Canon d’irrigation dans une parcelle de céréales au stade montaison en Poitou-Charentes Messagerie Poitou-Charentes

Céréales : pas de précipitation pour les irrigations

31 mars 2022

Malgré le déficit hydrique actuel, mieux vaut attendre pour déclencher les irrigations sur céréales.

Depuis mi-mars, avec l’élévation des températures, le vent et les forts rayonnements, les demandes climatiques se sont accélérées, les ETP (évapotranspiration) avoisinent régulièrement les 3 mm/jour. Beaucoup de céréales à paille approchent du stade 1-2 nœuds, qui marque une accélération de la consommation en eau. Pour le blé dur, il s’agit de l’entrée dans la phase la plus sensible au déficit hydrique, alors que pour le blé tendre, c’est plutôt à 2-3 nœuds.

Les prévisions météorologiques des prochains jours laissent entrevoir un épisode pluvieux modeste et surtout, un fort abaissement des températures, qui va se traduire par une diminution importante des besoins quotidiens en eau.

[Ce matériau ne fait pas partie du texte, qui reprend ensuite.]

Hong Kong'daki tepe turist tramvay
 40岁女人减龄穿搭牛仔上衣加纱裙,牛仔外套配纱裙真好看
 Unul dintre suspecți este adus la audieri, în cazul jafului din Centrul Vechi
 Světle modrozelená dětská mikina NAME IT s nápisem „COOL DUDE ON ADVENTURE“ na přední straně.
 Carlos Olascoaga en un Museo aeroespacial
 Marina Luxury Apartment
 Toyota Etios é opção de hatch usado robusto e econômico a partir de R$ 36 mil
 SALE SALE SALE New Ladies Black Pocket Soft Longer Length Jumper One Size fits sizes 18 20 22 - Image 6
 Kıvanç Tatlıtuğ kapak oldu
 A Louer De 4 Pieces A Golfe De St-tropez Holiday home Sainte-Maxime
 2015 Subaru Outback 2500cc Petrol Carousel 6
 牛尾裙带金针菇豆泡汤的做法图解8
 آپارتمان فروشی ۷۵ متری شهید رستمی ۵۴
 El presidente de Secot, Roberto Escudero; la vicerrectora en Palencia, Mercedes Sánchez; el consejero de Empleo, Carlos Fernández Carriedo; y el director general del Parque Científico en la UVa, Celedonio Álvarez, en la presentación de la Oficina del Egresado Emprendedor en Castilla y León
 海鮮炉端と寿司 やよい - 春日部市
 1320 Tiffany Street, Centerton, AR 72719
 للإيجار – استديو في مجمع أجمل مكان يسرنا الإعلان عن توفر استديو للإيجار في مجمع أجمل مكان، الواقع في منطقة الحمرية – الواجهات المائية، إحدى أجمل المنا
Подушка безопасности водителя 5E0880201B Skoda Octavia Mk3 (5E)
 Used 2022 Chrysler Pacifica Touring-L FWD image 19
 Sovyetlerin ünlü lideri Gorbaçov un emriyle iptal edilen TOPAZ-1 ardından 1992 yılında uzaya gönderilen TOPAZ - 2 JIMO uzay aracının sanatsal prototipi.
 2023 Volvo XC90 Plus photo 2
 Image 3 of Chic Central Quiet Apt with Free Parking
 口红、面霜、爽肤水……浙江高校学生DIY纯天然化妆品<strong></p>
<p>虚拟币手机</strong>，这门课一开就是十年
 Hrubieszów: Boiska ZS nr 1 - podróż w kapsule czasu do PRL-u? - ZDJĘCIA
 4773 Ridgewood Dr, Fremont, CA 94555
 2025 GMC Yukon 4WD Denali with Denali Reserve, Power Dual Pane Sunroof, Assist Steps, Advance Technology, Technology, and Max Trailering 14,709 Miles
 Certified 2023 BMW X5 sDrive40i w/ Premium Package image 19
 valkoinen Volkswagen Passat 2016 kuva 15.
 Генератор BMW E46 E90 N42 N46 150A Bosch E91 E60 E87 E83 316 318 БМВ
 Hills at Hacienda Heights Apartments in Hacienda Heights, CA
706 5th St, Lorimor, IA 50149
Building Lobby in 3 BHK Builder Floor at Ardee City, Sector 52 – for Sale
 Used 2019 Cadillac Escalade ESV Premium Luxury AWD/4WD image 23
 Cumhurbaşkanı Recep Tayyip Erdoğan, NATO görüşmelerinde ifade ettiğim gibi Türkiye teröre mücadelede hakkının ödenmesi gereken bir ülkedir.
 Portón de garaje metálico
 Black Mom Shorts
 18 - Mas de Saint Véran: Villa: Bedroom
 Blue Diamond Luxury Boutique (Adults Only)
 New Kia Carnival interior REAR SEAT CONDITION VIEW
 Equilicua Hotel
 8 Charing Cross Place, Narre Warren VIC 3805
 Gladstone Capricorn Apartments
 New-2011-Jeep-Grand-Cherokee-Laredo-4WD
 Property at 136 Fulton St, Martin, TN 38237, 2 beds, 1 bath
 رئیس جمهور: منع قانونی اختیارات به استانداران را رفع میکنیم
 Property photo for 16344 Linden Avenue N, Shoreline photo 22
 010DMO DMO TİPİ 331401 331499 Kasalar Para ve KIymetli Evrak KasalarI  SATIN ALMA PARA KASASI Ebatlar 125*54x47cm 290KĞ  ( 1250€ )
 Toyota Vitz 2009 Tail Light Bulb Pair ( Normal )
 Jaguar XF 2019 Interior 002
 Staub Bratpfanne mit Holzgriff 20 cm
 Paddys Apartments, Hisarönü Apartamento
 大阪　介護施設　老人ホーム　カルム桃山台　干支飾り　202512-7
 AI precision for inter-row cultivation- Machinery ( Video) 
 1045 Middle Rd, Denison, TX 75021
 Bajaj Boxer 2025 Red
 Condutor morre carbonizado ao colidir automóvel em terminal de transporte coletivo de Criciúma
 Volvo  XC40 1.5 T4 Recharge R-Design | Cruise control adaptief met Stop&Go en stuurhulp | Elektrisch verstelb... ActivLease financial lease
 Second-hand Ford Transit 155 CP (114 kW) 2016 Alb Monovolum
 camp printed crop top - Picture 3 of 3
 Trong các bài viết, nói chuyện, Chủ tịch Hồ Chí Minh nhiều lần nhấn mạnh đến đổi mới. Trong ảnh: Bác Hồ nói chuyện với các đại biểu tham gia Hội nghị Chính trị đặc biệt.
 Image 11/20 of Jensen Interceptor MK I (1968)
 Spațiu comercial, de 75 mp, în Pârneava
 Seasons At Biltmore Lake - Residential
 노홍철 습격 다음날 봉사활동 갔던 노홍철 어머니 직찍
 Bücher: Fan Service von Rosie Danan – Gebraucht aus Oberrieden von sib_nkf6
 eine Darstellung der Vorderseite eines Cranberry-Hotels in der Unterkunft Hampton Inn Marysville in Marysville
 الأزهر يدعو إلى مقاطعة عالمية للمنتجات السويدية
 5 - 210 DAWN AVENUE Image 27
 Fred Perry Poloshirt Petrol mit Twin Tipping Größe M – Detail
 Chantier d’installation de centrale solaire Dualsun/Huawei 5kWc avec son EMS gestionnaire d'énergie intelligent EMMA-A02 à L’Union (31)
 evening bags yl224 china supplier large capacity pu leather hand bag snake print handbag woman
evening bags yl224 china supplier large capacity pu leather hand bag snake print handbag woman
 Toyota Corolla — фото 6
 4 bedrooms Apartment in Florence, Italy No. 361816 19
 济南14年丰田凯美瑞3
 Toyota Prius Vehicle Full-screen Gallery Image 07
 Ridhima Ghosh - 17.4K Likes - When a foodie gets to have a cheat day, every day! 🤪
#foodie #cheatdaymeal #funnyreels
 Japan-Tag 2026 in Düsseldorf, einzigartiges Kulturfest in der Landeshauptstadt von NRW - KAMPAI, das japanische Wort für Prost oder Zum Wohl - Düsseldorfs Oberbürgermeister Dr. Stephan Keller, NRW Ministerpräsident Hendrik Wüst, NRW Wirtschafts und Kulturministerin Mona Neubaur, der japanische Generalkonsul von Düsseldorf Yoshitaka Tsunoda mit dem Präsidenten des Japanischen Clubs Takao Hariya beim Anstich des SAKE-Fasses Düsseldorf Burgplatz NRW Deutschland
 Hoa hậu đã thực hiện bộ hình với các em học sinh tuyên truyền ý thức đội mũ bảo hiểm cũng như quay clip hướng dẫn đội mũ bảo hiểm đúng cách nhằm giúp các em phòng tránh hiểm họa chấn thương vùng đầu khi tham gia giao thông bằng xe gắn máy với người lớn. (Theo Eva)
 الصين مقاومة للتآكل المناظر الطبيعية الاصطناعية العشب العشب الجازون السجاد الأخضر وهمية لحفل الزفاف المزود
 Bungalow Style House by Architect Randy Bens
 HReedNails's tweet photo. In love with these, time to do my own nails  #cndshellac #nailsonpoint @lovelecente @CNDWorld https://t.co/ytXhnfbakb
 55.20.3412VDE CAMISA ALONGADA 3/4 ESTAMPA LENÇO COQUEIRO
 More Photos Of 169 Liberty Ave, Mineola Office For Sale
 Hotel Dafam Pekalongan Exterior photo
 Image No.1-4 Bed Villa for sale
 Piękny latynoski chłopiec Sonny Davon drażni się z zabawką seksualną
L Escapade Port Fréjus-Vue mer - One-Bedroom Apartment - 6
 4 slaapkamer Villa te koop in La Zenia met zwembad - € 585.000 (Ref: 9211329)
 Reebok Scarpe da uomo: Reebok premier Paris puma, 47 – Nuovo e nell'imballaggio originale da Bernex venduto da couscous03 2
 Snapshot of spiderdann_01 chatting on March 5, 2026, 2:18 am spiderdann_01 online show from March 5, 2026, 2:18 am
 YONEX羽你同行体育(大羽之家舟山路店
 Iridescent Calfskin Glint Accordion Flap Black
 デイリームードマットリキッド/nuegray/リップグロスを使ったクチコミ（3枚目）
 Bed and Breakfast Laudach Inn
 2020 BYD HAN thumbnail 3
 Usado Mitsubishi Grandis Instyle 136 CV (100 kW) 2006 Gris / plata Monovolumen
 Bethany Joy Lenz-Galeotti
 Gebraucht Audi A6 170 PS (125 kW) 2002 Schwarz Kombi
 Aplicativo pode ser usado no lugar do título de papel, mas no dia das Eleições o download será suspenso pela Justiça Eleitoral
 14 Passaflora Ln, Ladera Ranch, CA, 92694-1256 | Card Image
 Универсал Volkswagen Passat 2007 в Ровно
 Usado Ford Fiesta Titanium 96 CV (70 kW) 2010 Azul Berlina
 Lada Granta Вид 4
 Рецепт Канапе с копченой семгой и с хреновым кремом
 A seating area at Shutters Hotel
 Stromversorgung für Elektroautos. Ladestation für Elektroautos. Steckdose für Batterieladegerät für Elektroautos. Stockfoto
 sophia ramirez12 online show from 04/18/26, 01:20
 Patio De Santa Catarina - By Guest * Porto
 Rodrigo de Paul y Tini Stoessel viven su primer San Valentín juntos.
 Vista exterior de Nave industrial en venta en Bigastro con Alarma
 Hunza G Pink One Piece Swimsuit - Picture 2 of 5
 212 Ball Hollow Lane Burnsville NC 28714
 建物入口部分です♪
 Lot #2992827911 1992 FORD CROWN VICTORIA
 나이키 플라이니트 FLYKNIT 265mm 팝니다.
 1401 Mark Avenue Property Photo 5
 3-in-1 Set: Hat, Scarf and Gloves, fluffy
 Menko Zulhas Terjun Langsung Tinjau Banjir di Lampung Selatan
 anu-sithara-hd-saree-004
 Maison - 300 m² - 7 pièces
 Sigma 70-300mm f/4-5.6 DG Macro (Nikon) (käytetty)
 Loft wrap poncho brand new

De petites gelées ne sont pas à exclure non plus.

Enfin, le contexte actuel (ressource en eau, coût énergétique) pousse à rechercher le maximum d’efficience de l’eau d’irrigation.

Pour les parcelles en sols superficiels à moyens

Le déficit se creuse et la réserve facilement utilisable (RFU) est épuisée ou le sera dans les prochains jours (figure 1). Au stade actuel, les céréales peuvent supporter un déficit passager, d’autant plus que la demande diminue. Les irrigations en cours de montaison peuvent s’avérer payantes en cas de déficit marqué, surtout si celui-ci s’accompagne d’une mauvaise valorisation des apports d’azote.

En revanche, un retour à une bonne alimentation en eau avant la fin montaison peut effacer tout ou partie du bénéfice des premières irrigations. Dans ces conditions, il est préférable d’attendre la fin de la période perturbée prévue en fin de semaine pour envisager un premier tour.

En fonction de la ressource en eau disponible, le déclenchement peut être positionné vers le 5-10 avril si les pluies prévues actuellement s’avèrent insuffisantes, sous réserve que le risque de gelées soit écarté.

Figure 1 : Evolution de la réserve en eau en groie moyenne, pour un blé dur (variété Anvergur) semé le 5 novembre 2021 -  Station météo ARVALIS du Magneraud (17)
Evolution de la réserve en eau en groie moyenne, pour un blé dur (variété Anvergur) semé le 5 novembre 2021

(Source Irré-Lis®)

Pour les parcelles en sol profond (réserve utile (RU) supérieure à 120-130 mm)

Les céréales ont assez d’eau pour l’instant dans ces situations. Les irrigations de montaison sont rarement valorisées. Il est donc préférable d’attendre au moins le stade dernière feuille pointante (DFP) avant de penser à irriguer.